Furthermore, the patients in the bid prestudy basal group did not experience a greater HbA1c reduction after switching to BIAsp 30 than those in the qd prestudy basal group; therefore the absolute dose does not appear to be the key factor in achieving glycaemic targets. The current results suggest that dose titration allows patients to achieve targets, as the dose increment over the course of the study was very similar in both groups.

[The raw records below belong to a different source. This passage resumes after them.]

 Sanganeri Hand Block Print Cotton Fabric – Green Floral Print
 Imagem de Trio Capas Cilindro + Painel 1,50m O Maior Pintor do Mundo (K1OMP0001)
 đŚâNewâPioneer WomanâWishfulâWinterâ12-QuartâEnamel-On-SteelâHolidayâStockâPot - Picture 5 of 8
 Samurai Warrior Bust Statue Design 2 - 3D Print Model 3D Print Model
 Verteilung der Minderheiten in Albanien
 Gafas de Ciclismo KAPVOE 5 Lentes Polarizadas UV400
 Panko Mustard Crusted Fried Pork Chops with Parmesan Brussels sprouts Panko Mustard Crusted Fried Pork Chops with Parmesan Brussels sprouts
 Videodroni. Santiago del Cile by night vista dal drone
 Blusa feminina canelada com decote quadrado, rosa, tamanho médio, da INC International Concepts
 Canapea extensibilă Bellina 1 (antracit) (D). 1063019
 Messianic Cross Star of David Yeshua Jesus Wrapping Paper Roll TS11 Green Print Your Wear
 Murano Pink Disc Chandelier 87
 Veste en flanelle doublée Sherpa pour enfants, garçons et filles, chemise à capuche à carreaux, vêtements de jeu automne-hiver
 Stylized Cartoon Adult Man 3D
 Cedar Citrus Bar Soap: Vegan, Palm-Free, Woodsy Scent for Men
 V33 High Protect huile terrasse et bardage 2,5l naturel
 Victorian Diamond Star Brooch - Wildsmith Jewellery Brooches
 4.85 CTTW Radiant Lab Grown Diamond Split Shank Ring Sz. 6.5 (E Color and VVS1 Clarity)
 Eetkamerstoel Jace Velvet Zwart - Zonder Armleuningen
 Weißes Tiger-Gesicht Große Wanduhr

All patients who fail to achieve glycaemic control with basal insulin, with or without OADs, require additional treatment measures. Switching insulin therapy to BIAsp 30, which addresses both basal and prandial insulin needs, therefore constitutes treatment intensification (22). From the results we report here, we can draw some conclusions about how dose switching was implemented in real clinical practice. First, when patients were switched from basal insulin to BIAsp 30, most were started on a bid regimen; after 26 weeks, 12% of patients intensified therapy to BIAsp 30 tid. Secondly, patients who transferred from qd basal insulin to BIAsp 30 (mostly to bid) approximated a 1 : 1 basal insulin transfer and similarly those who transferred from bid basal insulin to BIAsp 30. These data may indicate a stepwise intensification from basal insulin, starting with a 1 : 1 BIAsp 30 qd dose switch, intensifying to BIAsp 30 bid for most patients. Thereafter, a small proportion were switched to BIAsp 30 tid within 6 months. The 1-2-3 study (9) of BIAsp 30 in patients with type 2 diabetes supports this progression. Here, 100 patients were started on BIAsp 30 qd and intensified to bid and tid at 16-week intervals if target HbA1c (≤ 6.5%) was not achieved. In the 1-2-3 study, the proportions of patients that reached HbA1c < 7.0% on qd, bid and tid BIAsp 30 were 41%, 70% and 77% respectively (9).

Observational studies offer the opportunity of studying large and heterogeneous populations; however, they also have some limitations. These include a lack of control groups, potential patient recall bias and possible variations in clinical practice between countries. The limitations of the IMPROVE™ study have been discussed at length in the article reporting baseline data (19).

Conclusions

The results of this IMPROVE™ subgroup analysis demonstrate that patients with type 2 diabetes inadequately controlled on basal insulins may improve their glycaemic control by intensification to BIAsp 30 therapy. Regardless of their prior basal insulin regimen, switching to BIAsp 30 – bid in the majority of cases – enabled many patients in this international cohort to achieve the HbA1c target without hypoglycaemia.